--- INFORMATION PROVIDED Enclosed Below ---
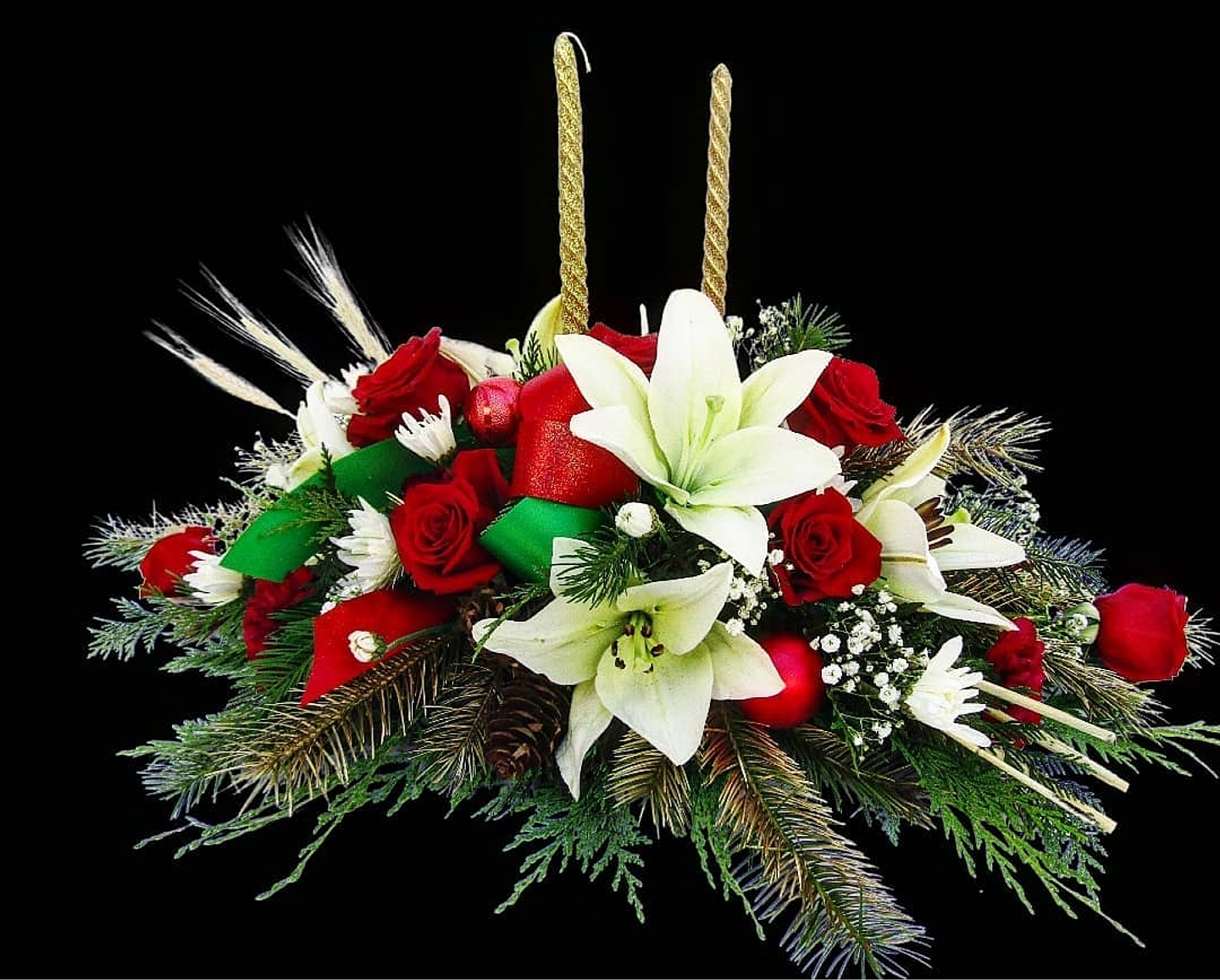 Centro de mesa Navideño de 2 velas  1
--- End of Enclosed INFORMATION PROVIDED ---
--- INFORMATION PROVIDED Enclosed Below ---
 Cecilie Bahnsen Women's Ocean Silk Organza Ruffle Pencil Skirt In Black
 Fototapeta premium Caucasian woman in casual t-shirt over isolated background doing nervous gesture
--- End of Enclosed INFORMATION PROVIDED ---
--- INFORMATION PROVIDED Enclosed Below ---
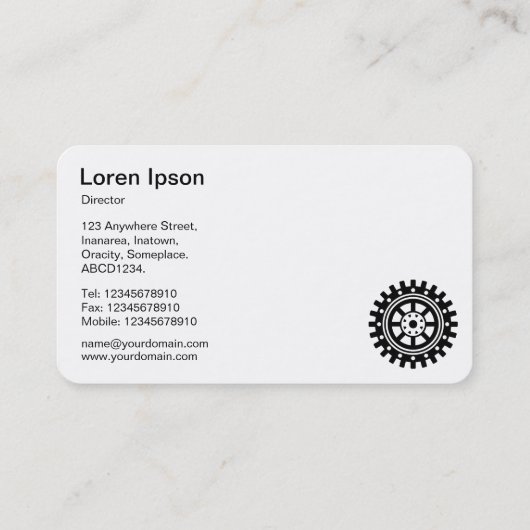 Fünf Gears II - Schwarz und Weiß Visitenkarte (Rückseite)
--- End of Enclosed INFORMATION PROVIDED ---
• [THE PROBLEM]:
Using the data above, print exactly the lines from the line that contains "Cecilie Bahnsen Women's" through the line that contains "Fototapeta premium Caucasian", with both included.

• [RESULT]:
 Cecilie Bahnsen Women's Ocean Silk Organza Ruffle Pencil Skirt In Black
 Fototapeta premium Caucasian woman in casual t-shirt over isolated background doing nervous gesture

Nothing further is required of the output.